One of the biggest questions in this situation is the ethics of should the dealer tell the customer about these devices or use the device for insurance of the companies investments. The economic conditions with which these types of devices are used tells the story of why they are needed. Some customers are so desperate to get a vehicle that they will agree to anything being put on it even if it means the vehicle can be disabled or located for possible repossession. However, some unscrupulous used car dealers may simply put the tracking device on the vehicle without disclosing the fact to the customer.
On the other hand, someone spending hundreds of thousands of dollars on a high end sport car or a luxury vehicle wants to know that if anything happens to it, it can be located quickly as possible. Sometimes the dealers install GPS trackers on new cars while they are still on the lot. Several years ago in Central Florida a Chevrolet dealer had a brand new, high end Corvette on the lot with an equally high end LoJack system. Realizing one morning that the car was missing, the dealer called LoJack and was informed that according to the signal, the car was still on the property. A few weeks later the water level in a retention pond dropped to reveal the missing Corvette. Someone had lost control of it while trying to steal it and had driven it into the pond. As the LoJack had signaled, the car was still on the property.

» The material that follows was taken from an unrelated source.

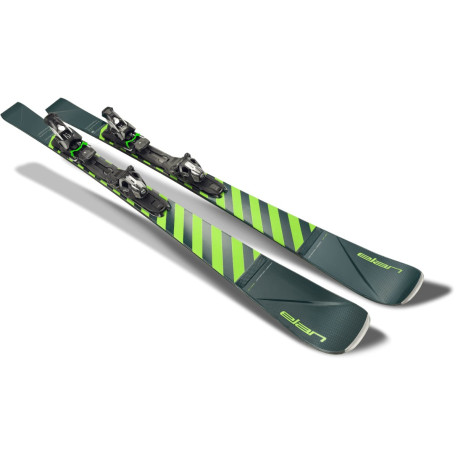 Ski Elan Voyager Green + Emx 12.0 GW 2024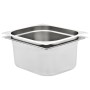 Bandejas Gastronorm 2 unidades GN 1/2 150 mm acero inoxidable de , Cubetas para mesas de vapor - Ref: Foro24-50889, Precio: 4...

There are several companies offering dealers devices to track and sometimes even disable vehicles. LoJack, Linxup, Goldstar GPS, Teletrac and many others. Some units can be programmed so that cars can't be driven outside a certain mileage range or the dealer can be notified if the vehicle has not been moved in several days. It is a sad fact that in this day and age and these economic times, dealers feel the need to use technology that can be such a convenience for the everyday driver in such a way that it seems sneaky and underhanded.